Wenn man das alleine am Instrument festmachen wollte, dann kommt man relativ schnell zu der Erkenntnis, dass es bei den stillen Beteiligungen eben auch eine Beteiligung an den Verlusten gibt und man somit extrem von der Gewinn- und Verlustrechnung der Start-ups abhängig ist. Bei partiarischen Nachrangdarlehen hingegen ist das nicht der Fall. Die unterschiedlichen Eigenschaften der Instrumente sind ein wesentlicher Grund. Von daher war der Wechsel von stillen Beteiligungen auf partiarische Nachrangdarlehen für Investoren sicherlich lukrativ. Das alleine erklärt es aber meines Erachtens noch nicht.
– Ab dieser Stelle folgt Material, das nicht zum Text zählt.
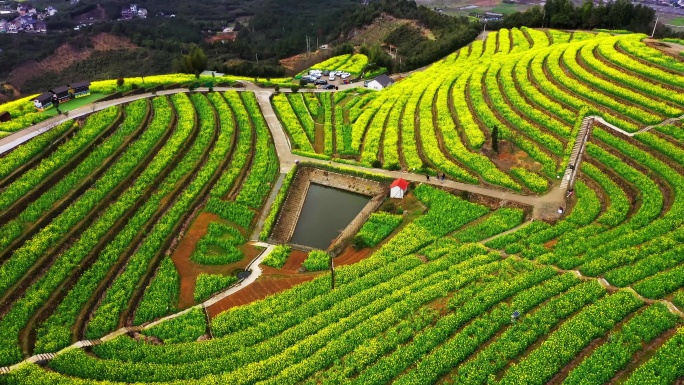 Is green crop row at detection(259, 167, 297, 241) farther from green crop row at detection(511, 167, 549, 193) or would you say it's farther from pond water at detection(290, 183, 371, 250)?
green crop row at detection(511, 167, 549, 193)

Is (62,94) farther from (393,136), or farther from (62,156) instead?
(393,136)

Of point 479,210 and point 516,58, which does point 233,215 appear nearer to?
point 479,210

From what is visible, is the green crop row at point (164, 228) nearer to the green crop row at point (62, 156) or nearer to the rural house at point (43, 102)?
the green crop row at point (62, 156)

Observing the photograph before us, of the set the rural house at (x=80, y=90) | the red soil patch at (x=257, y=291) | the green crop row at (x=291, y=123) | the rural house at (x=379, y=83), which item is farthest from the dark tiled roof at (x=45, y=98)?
the rural house at (x=379, y=83)

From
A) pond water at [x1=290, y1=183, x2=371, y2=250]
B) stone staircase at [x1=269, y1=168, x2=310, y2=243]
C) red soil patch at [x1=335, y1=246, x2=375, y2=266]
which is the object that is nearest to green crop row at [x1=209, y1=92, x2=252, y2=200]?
stone staircase at [x1=269, y1=168, x2=310, y2=243]

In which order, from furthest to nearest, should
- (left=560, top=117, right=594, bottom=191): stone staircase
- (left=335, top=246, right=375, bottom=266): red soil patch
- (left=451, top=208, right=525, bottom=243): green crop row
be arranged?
(left=560, top=117, right=594, bottom=191): stone staircase < (left=451, top=208, right=525, bottom=243): green crop row < (left=335, top=246, right=375, bottom=266): red soil patch

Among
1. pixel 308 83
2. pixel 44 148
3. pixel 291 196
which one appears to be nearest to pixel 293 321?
pixel 291 196

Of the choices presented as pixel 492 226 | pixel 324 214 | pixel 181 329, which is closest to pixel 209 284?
pixel 181 329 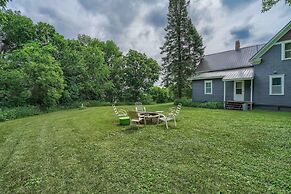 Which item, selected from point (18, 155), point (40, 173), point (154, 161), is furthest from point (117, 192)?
point (18, 155)

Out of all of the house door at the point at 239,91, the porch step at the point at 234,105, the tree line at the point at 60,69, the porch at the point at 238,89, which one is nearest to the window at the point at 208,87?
the porch at the point at 238,89

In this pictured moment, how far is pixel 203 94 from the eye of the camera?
64.7 feet

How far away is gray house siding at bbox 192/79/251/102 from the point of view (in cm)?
1708

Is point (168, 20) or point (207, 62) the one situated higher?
point (168, 20)

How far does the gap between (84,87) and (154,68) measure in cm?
1282

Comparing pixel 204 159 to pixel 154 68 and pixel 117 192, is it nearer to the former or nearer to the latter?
pixel 117 192

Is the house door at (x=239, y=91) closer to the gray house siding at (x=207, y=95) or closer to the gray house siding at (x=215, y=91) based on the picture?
the gray house siding at (x=215, y=91)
Man muss auch bedenken, dass die Start-up Auswahl und Bepreisung auf Seedmatch weit besser geworden ist. Wo früher im Business-Plan nur einmal die Skalierbarkeit betont werden musste um Millionenbewertungen zu rechtfertigen, sind wir aktuell in realistischeren Gefilden angekommen.
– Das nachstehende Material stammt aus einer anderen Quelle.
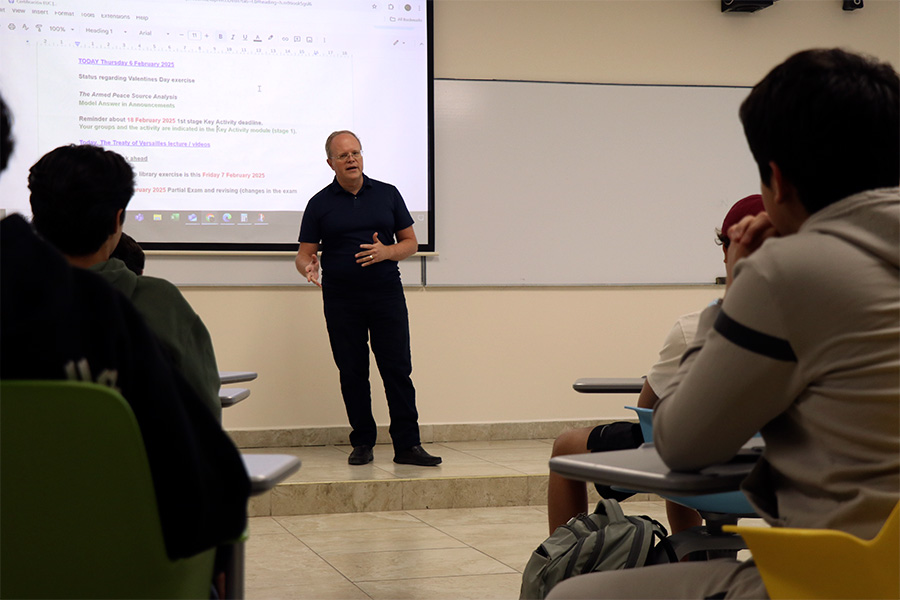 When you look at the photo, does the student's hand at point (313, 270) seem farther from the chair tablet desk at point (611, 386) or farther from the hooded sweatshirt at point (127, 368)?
the hooded sweatshirt at point (127, 368)

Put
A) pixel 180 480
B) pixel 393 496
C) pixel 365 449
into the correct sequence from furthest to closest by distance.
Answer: pixel 365 449
pixel 393 496
pixel 180 480

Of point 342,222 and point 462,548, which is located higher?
point 342,222

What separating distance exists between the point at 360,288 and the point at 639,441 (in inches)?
98.2

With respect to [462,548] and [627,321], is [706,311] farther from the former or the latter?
[627,321]

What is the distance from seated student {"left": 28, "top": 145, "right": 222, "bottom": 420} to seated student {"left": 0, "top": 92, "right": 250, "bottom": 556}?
0.49 metres

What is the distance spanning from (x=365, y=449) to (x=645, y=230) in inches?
86.8

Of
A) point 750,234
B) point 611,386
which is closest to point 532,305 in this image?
point 611,386

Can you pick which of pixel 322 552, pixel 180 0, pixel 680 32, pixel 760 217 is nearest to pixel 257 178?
pixel 180 0

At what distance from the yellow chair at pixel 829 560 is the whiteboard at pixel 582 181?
4.17 meters

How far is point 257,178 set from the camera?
486cm

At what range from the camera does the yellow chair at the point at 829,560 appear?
3.24ft

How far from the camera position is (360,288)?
4.49 meters

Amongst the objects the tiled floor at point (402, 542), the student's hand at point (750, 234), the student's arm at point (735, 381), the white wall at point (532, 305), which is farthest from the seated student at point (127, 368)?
the white wall at point (532, 305)

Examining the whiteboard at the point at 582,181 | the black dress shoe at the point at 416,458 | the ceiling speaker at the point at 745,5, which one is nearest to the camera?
the black dress shoe at the point at 416,458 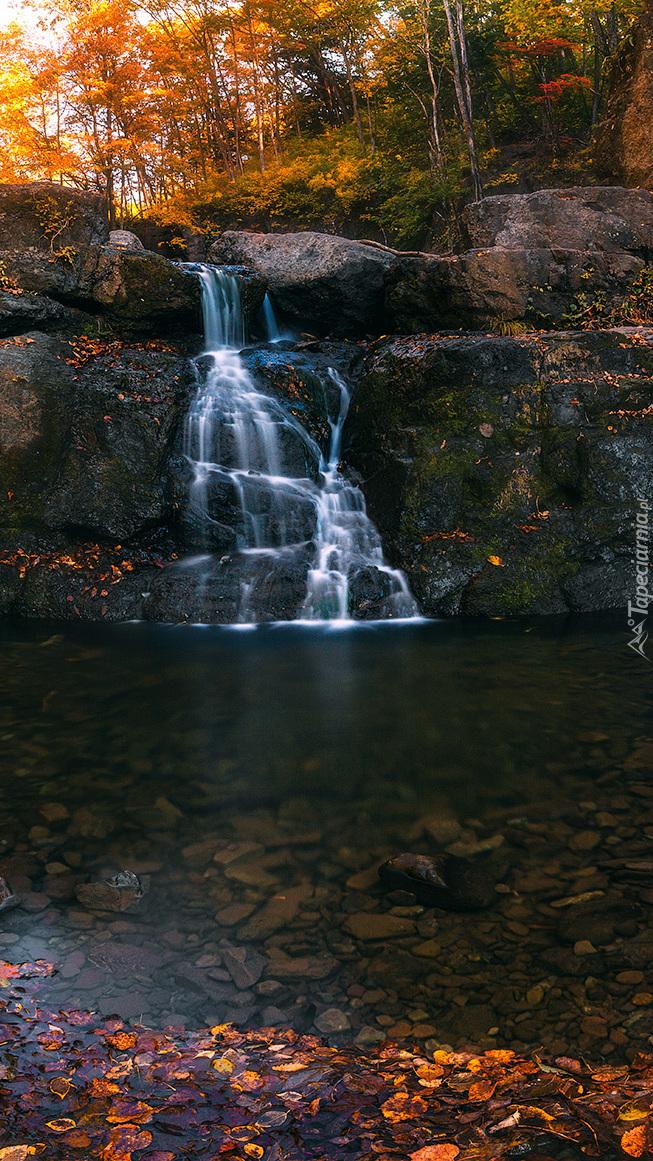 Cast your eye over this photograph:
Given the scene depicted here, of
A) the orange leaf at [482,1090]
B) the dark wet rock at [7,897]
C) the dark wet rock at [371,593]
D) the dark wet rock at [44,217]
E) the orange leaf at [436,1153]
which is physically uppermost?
the dark wet rock at [44,217]

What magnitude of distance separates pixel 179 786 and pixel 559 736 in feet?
8.98

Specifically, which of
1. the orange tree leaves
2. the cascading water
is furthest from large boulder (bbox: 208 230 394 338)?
the orange tree leaves

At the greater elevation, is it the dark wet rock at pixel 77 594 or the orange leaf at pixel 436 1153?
the dark wet rock at pixel 77 594

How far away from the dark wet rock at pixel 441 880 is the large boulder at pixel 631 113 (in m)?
15.1

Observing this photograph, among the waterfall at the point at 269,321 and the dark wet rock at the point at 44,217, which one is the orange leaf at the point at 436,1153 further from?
the waterfall at the point at 269,321

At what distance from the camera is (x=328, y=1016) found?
263 cm

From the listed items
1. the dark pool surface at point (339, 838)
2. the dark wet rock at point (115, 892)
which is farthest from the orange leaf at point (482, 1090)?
the dark wet rock at point (115, 892)

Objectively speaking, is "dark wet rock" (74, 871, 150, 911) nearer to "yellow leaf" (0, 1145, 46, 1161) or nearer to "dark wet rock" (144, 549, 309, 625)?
"yellow leaf" (0, 1145, 46, 1161)

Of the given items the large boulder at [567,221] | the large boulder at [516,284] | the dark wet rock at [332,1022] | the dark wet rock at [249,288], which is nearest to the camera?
the dark wet rock at [332,1022]

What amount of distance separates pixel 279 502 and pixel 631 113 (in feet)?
37.4

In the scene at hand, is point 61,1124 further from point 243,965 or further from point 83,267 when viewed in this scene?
point 83,267

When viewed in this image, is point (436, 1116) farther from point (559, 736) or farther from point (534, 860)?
point (559, 736)

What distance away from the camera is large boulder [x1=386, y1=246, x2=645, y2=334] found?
11.0 m

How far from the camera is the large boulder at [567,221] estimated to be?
11836mm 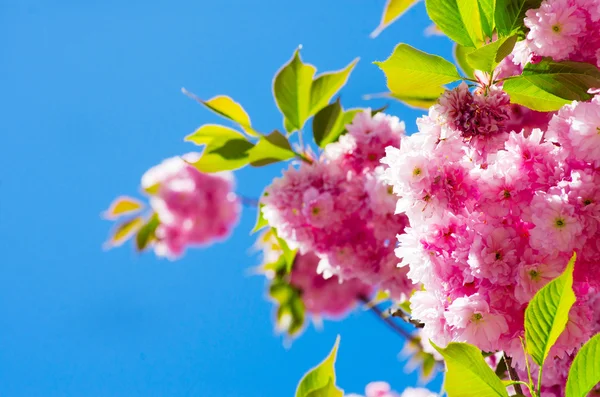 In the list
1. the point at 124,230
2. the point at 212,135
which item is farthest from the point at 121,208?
the point at 212,135

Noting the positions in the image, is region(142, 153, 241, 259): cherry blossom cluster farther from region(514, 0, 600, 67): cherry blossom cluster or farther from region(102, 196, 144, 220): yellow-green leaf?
region(514, 0, 600, 67): cherry blossom cluster

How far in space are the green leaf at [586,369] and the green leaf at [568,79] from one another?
0.37m

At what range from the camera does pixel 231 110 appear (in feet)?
5.74

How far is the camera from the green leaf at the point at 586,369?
2.66 feet

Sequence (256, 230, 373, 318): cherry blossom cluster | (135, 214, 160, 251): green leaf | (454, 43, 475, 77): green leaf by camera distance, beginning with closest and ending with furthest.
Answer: (454, 43, 475, 77): green leaf, (256, 230, 373, 318): cherry blossom cluster, (135, 214, 160, 251): green leaf

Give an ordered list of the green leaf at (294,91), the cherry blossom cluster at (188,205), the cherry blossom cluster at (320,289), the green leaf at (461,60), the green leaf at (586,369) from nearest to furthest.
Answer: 1. the green leaf at (586,369)
2. the green leaf at (461,60)
3. the green leaf at (294,91)
4. the cherry blossom cluster at (320,289)
5. the cherry blossom cluster at (188,205)

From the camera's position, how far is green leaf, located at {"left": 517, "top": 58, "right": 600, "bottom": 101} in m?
1.00

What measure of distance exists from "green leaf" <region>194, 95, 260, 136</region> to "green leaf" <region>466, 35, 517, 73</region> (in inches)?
32.1

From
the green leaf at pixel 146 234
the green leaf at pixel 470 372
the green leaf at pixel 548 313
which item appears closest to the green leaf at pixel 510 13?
the green leaf at pixel 548 313

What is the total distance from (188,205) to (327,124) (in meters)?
1.90

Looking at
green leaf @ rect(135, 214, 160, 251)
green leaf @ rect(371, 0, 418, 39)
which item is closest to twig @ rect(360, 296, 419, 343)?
green leaf @ rect(371, 0, 418, 39)

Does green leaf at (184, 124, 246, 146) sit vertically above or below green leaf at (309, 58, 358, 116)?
above

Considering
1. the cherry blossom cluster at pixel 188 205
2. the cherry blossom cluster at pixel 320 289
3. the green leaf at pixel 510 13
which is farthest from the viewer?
the cherry blossom cluster at pixel 188 205

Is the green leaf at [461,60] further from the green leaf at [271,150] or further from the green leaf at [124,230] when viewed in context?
the green leaf at [124,230]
Wie kann zukünftig tatsächlich Rendite erwirtschaftet werden?

Ich denke aber weiterhin, dass es nachlässig wäre, „einfach so“ mal in Start-ups zu investieren, wie ich das selber früher gemacht habe. Mit der Absicht, meine Rendite zu erhöhen, habe ich mich mal hingesetzt und mir eine (relativ simple) Bewertungsmethodik zusammengebastelt. Wie die aussieht, werde ich ab nächster Woche beschreiben.
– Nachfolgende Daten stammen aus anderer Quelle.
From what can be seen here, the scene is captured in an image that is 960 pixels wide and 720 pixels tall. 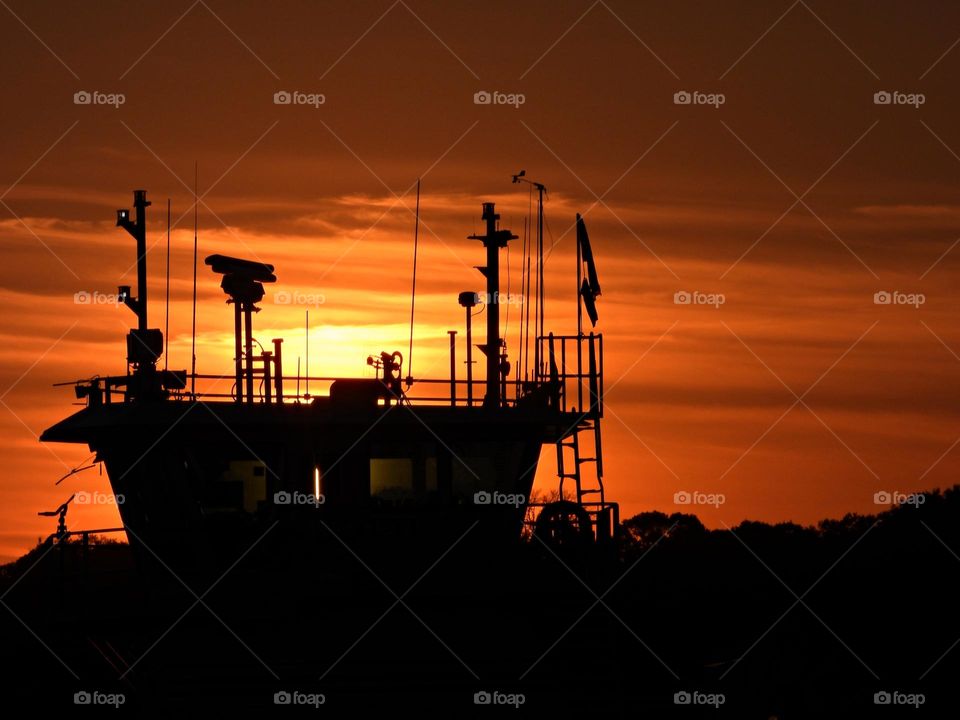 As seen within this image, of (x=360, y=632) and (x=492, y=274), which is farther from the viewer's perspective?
(x=492, y=274)

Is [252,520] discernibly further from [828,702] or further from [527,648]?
[828,702]

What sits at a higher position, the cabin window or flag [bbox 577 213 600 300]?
flag [bbox 577 213 600 300]

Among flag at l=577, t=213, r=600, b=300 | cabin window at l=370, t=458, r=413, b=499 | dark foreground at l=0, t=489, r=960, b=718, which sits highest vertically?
flag at l=577, t=213, r=600, b=300

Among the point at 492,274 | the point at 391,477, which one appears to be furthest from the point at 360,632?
the point at 492,274

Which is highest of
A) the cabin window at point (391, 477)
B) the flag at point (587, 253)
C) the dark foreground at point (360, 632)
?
the flag at point (587, 253)

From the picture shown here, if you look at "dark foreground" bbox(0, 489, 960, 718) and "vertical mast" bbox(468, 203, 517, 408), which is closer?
"dark foreground" bbox(0, 489, 960, 718)

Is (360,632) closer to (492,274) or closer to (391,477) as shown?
(391,477)

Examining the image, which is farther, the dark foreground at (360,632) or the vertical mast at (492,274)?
the vertical mast at (492,274)

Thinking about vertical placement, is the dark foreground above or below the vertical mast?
below

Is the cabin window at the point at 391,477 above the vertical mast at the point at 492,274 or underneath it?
underneath

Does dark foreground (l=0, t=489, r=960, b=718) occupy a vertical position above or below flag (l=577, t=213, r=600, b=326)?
below

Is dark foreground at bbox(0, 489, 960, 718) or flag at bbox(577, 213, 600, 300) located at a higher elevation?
flag at bbox(577, 213, 600, 300)

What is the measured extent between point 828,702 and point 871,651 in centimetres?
1234

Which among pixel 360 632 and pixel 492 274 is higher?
pixel 492 274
Bis dahin lasst doch einen Beitrag in den Kommentaren, wie ihr eure Fundings bislang ausgewählt habt und was eure bisherigen Erfahrungen beim Investieren in Start-ups sind. Alternativ könnt ihr mir auch eine E-Mail an enrico@derstartupinvestor.de schicken.

Hier gehts zum Performance-Update 2015.

2 Comments

  1. Florian said:

    Hi Enrico,

    da hier Seedmatch only aufgeführt ist drängt sich mir sofort eine Frage auf.
    „Wie sieht es mit den Aktien bei Seedrs aus?“
    Kannst du hier schon sehen, in welche Richtung es geht?

    10. August 2015
    Reply
  2. Enrico said:

    Hallo Flo,

    bei den Anteilen auf Seedrs fehlt es mir leider an vernünftigen Bewertungsmethoden. Lediglich dort, wo es weitere Finanzierungsrunden gab, habe ich die neue Bewertung übernehmen können. Da diese Fälle aber bislang noch nicht so häufig waren, habe ich meine Seedrs-Anteile bewusst draußen gelassen. Das Einzige, was vielleicht noch interessant ist: Bei Seedrs hatte ich seit 2013 noch keinen Totalverlust (soll allerdings nicht heißen, dass es dort unwahrscheinlicher ist).